I can use a signal handler for SIGCHLD, and in the signal handler do whatever I was going to do when a child exits, or send a message to a different thread to do some action. But using a signal handler obfuscates the flow of the code a little bit.
In order to avoid race conditions you should avoid doing anything more complex than changing a volatile flag in a signal handler.
I think the best option in your case is to send a signal to the parent. waitpid() will then set errno to EINTR and return. At this point you check for waitpid return value and errno, notice you have been sent a signal and take appropriate action.
If a third party library is acceptable then the libkqueue project emulates kqueue (the *BSD eventing system) and provides basic process monitoring with EVFILT_PROC + NOTE_EXIT.
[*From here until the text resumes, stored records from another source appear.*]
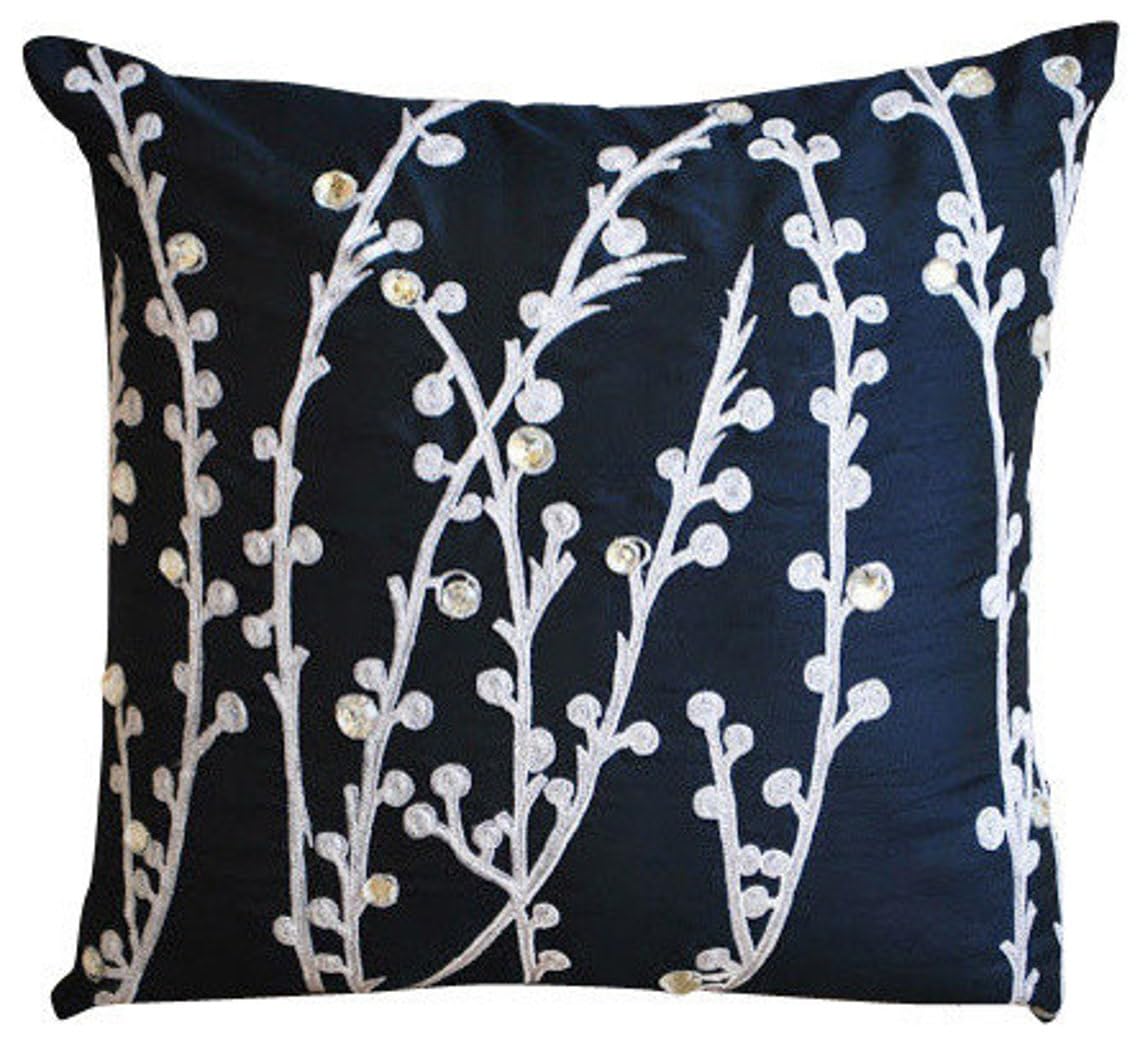 The HomeCentric Navy Blue Throw Cushions Cover, Willow Design 35x35 cm (14x14 inch) Decorative Square Throw Silk Pillowcase for Living room, Bedrooms, Sofa, Floral Contemporary - Navy Blue Willow — image 1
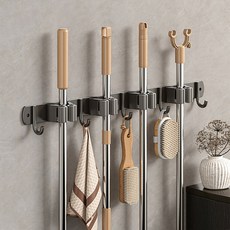 청소도구걸이 벽걸이정리대 밀대걸이 다용도후크 수납홀더, 4걸이5후크, 그레이, 1개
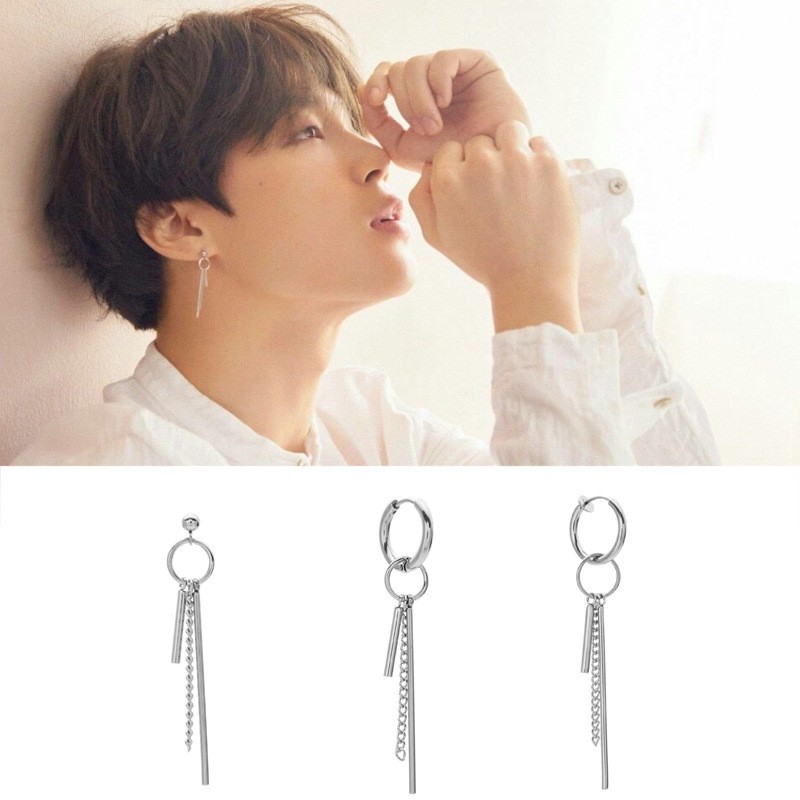 1Pc Anting Tusuk Jimin Kpop BTS Bangtan Boys untuk Pria / Wanita Anting Pejantan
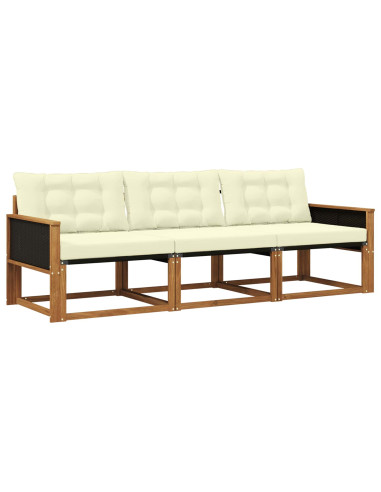 Set di divani da esterno con cuscino 3 pcs Naturale e Crema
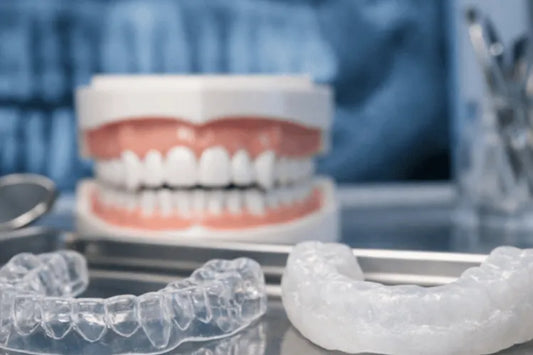  Night guard and retainer on a tray.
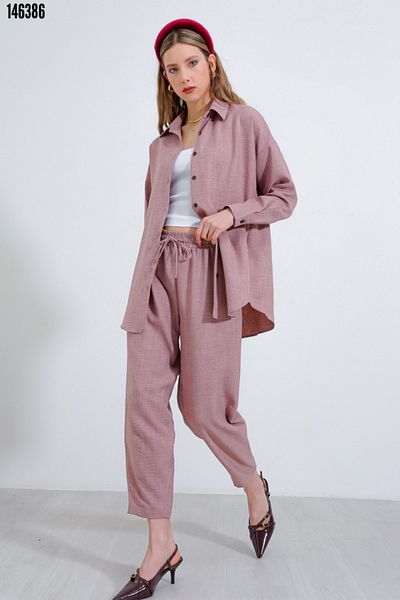 ByMisa Store Women's Rose Kurusu Raw Linen Summer Double Suit Suitable for Hijab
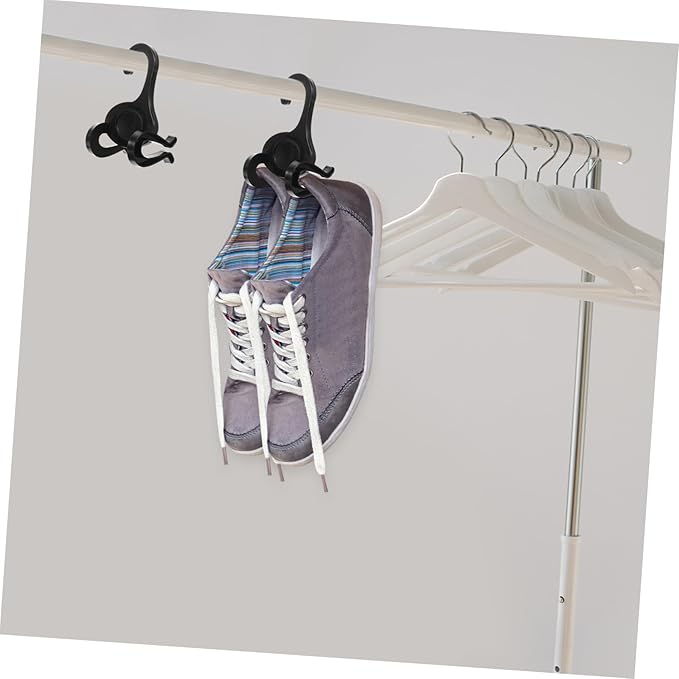 10pcs Slipper Hanger Hooks for Shoes Storage Vertical Shoe Display Organizer Space-Saving for Home Store Hotel Black Design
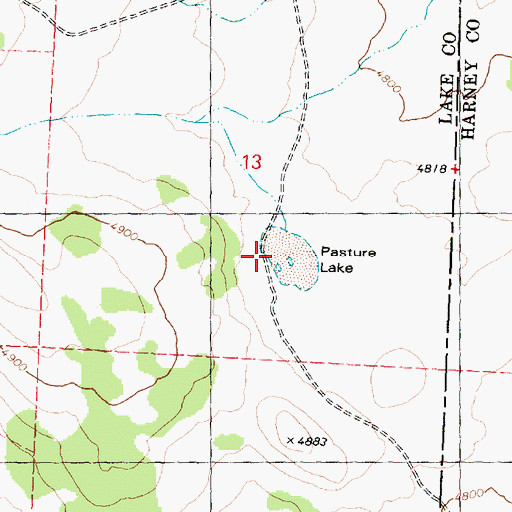 Topographic Map of Pasture Lake, OR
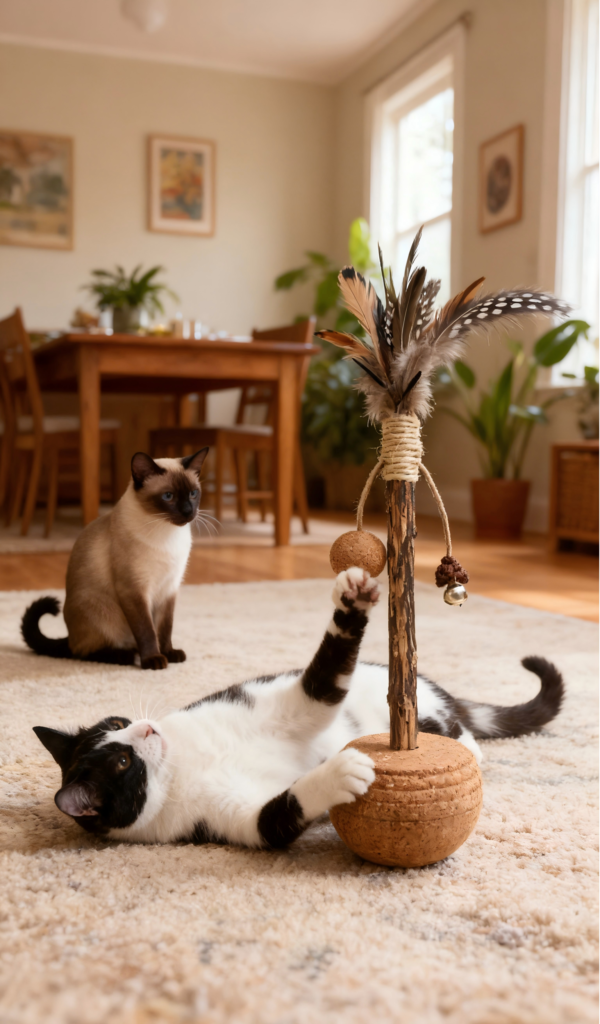 corkovia cork cat tumbler toy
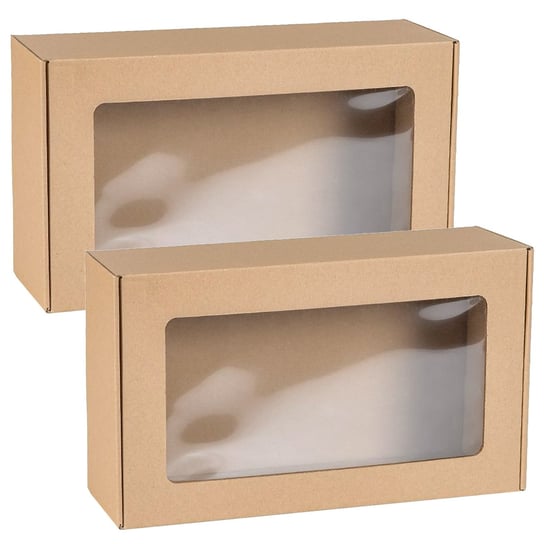 Prostokątne pudełko fasonowe z okienkiem, pudełko prezentowe 35x20x10 cm x2 sarcia.eu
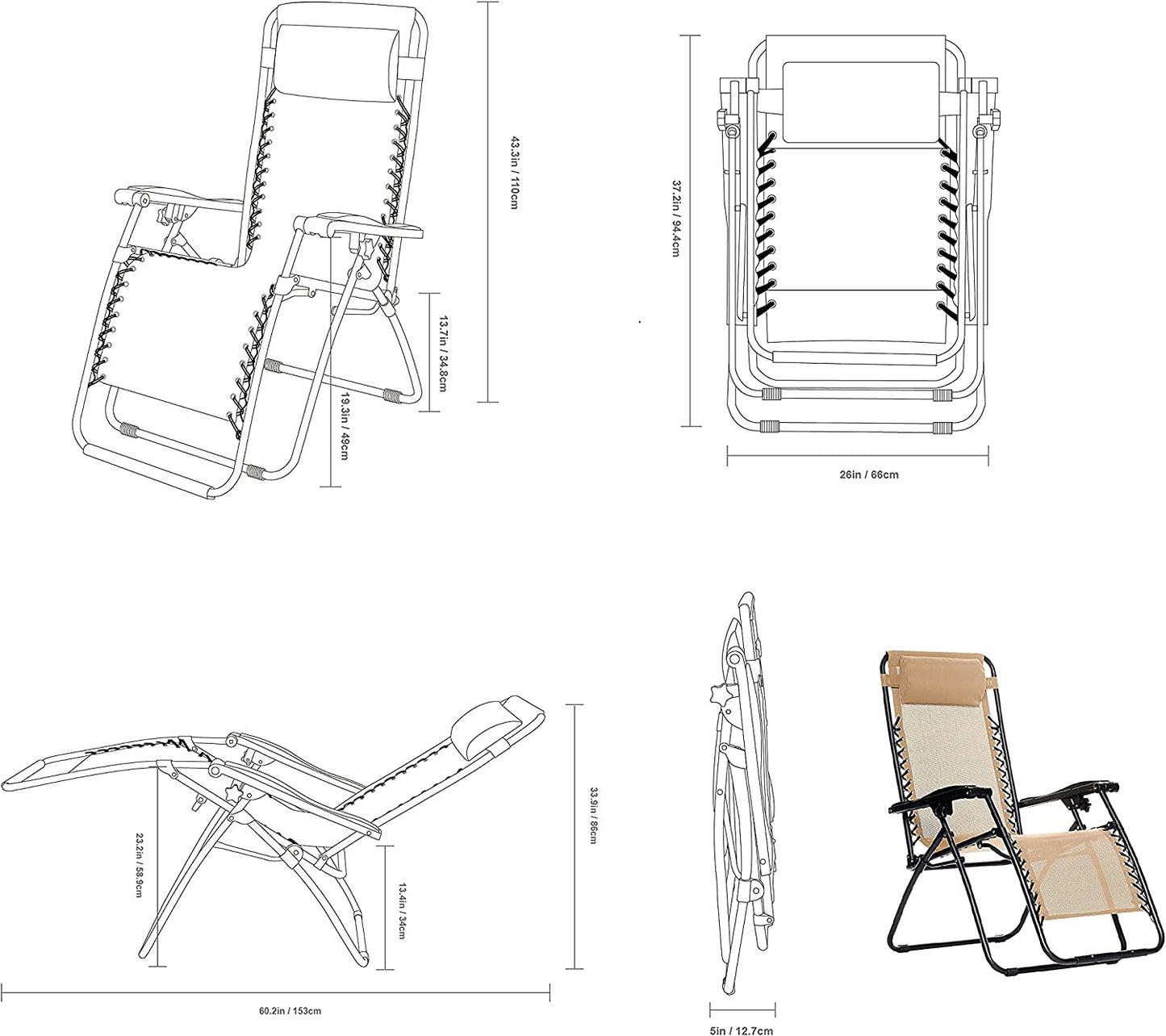 Outdoor Textilene Adjustable Zero Gravity Folding Reclining Lounge Chair with Pillow, Beige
The main advantages of using kqueue or libkqueue is that it's cross platform, and doesn't have the complexity of signal handling. If your program is utilises async I/O you may also find it a lower friction interface than using something like epoll and the various *fd functions (signalfd, eventfd, pidfd etc...).
#include <stdio.h>
#include <stdint.h>
#include <sys/event.h> /* kqueue header */
#include <sys/types.h> /* for pid_t */
/* Link with -lkqueue */
int waitpid_timeout(pid_t pid, struct timespec *timeout)
{
struct kevent changelist, eventlist;
int kq, ret;
/* Populate a changelist entry (an event we want to be notified of) */
EV_SET(&changelist, pid, EVFILT_PROC, EV_ADD, NOTE_EXIT, 0, NULL);
kq = kqueue();
/* Call kevent with a timeout */
ret = kevent(kq, &changelist, 1, &eventlist, 1, timeout);
/* Kevent returns 0 on timeout, the number of events that occurred, or -1 on error */
switch (ret) {
case -1:
printf("Error %s\n", strerror(errno));
break;
case 0:
printf("Timeout\n");
break;
case 1:
printf("PID %u exited, status %u\n", (unsigned int)eventlist.ident, (unsigned int)eventlist.data);
break;
}
close(kq);
return ret;
}
Behind the scenes on Linux libkqueue uses either pidfd on Linux kernels >= 5.3 or a waiter thread that listens for SIGCHLD and notifies one or more kqueue instances when a process exits. The second approach is not efficient (it scans PIDs that interest has been registered for using waitid), but that doesn't matter unless you're waiting on large numbers of PIDs.
EVFILT_PROC support has been included in kqueue since its inception, and in libkqueue since v2.5.0.